Tom Cruise, Emily Blunt, Brendan Gleeson
Doug Liman (The Bourne Identity, Mr & Mrs Smith)
Rating: M

I’m a big fan of the “time travel” sub-genre of science fiction, particularly lately. In the last half decade or so moviegoers have been treated to such quirky time travel tales as Source Code and Looper, each of which presented a cool twist on standard time travel tropes and benefitted immensely from the breathing room that comes with such an uncommonly used plot mechanic. The latest movie to join in the mind-snapping fun, Edge of Tomorrow, is better than either of them.

Starring Hollywood comeback king Tom Cruise and the always delightful Emily Blunt (who coincidentally also featured in Looper), Edge of Tomorrow is set on an ever-so-slightly futuristic earth and tells the story of cowardly war correspondent Major William Cage, who is demoted to the lowliest of ranks and sent to the front lines of a full-scale invasion of alien-occupied France as punishment for attempting to blackmail a superior officer. However the occupying aliens, called “mimics” by the humans, know that the attack is coming and absolutely rout the humans, winning the war in the process. Cage flukes a kill on an important mimic as he dies along with his fellow soldiers, causing him to wake up at the start of the day he just completed in grisly fashion. Thus begins a seemingly endless cycle of deaths as Cage finds and works with famous war hero Rita Vrataski (Blunt) to discover the mimics’ secret and save the day. The very same day, in fact.

The success of Edge of Tomorrow lies in its willingness to play around with the contents of each repeated day, dodging its way around audience expectations as it goes. As Cage grows in skill and knowledge he makes incremental improvements, but you really feel like it’s a struggle for him to get better. The standalone mid-movie montage you expect to see in this kind of film never quite eventuates, and the day is repeated so many times that you’re never quite sure whether what you are about to see is a story-significant scene or just another indication of a lesson learned. Without spoiling too much, there is a certain way you might expect setups like this to unfold, escalating in scope as the tone gets more serious, but instead of following such expectations Edge of Tomorrow jumps around a bit, slingshotting past drama, melancholy and pure action before coming back around again. The approach is played for laughs quite a bit as well, which adds a nice balance to proceedings. In that way it’s a bit like director Doug Liman‘s 2005 hit Mr & Mrs Smith.

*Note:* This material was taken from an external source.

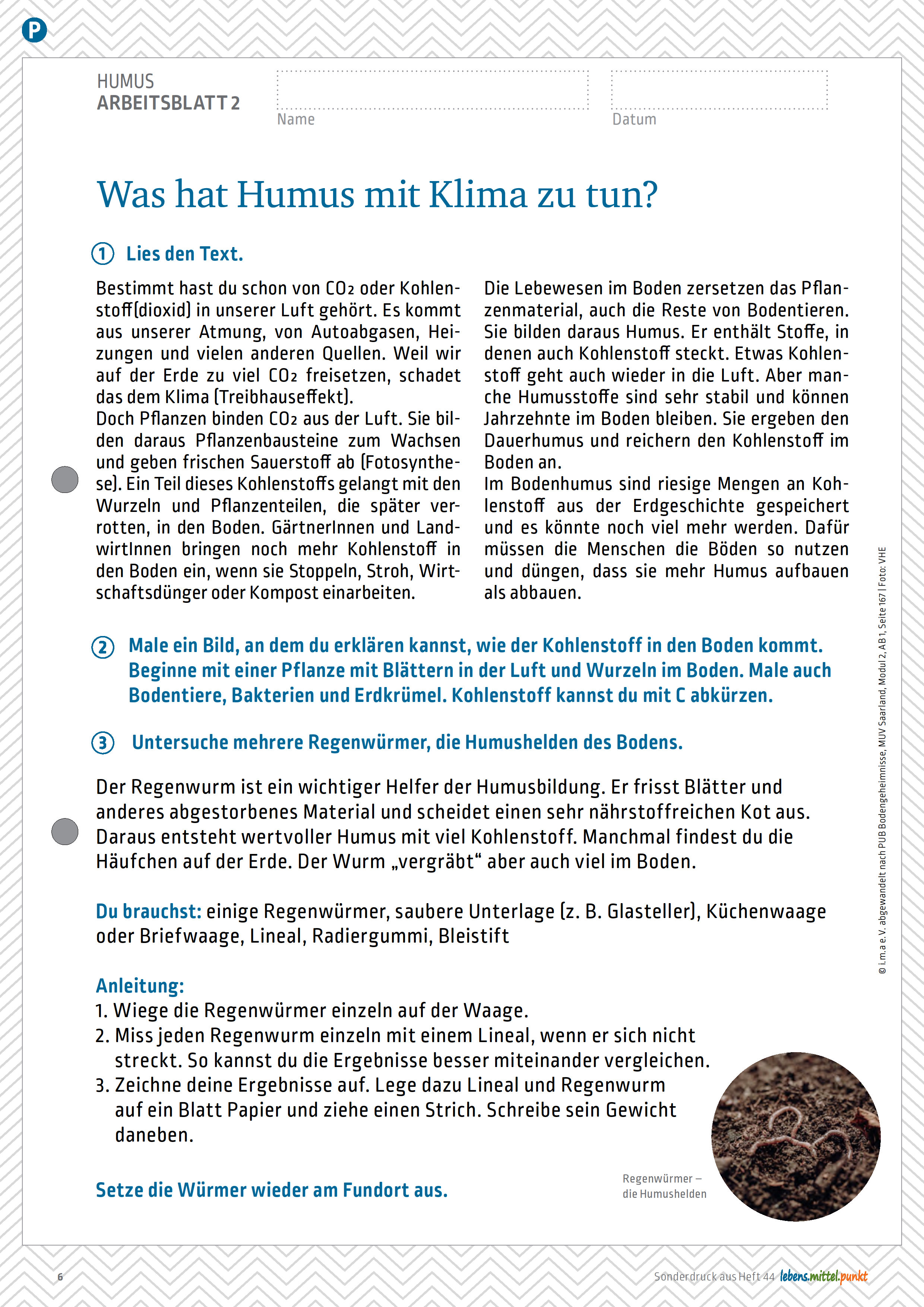 i.m.a Lehrermagazin - Humus - schwarzes Gold im Boden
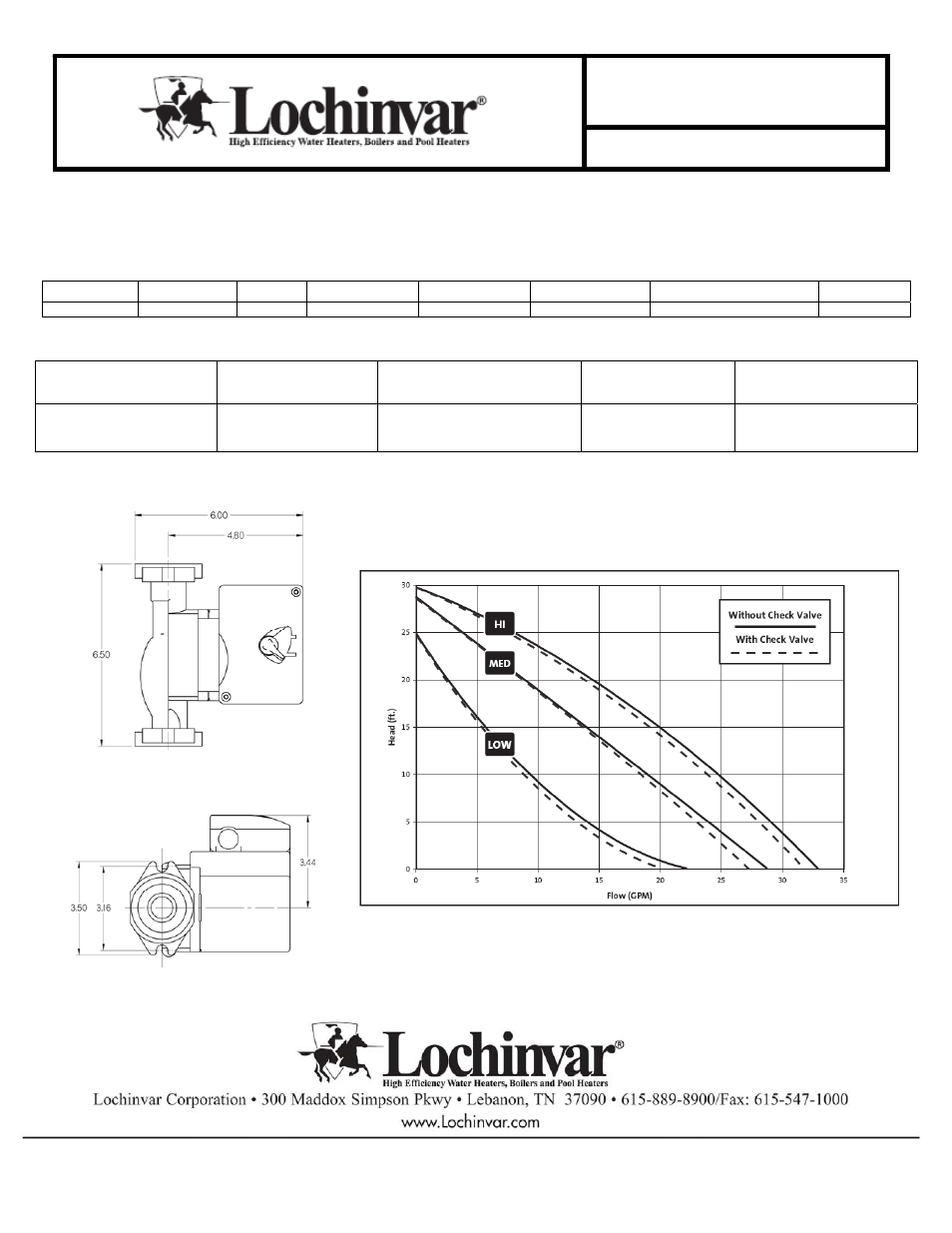 Lochinvar KNIGHT 080-210 User Manual | 2 pages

Blunt and Cruise each deserve a sizeable bit of credit for helping the movie to work as well as it does, as they are each magnetic in their own way on screen. I’ve really enjoyed the majority of Cruise‘s work in the last half decade or so and he does his rejuvenated screen reputation no harm here, and while his fellow lead has slightly less to do, all the scenes that include her are better for it. Edge of Tomorrow isn’t a perfect film, as it has a rather stilted conclusion that feels like it belongs in a different kind of movie (To say much more would be delving into spoiler territory), but Edge of Tomorrow is a pleasant surprise of an action flick with some very cool ideas and, refreshingly for now, not a superhero in sight. If it sounds like it might be up your alley, do yourself a favour and see it .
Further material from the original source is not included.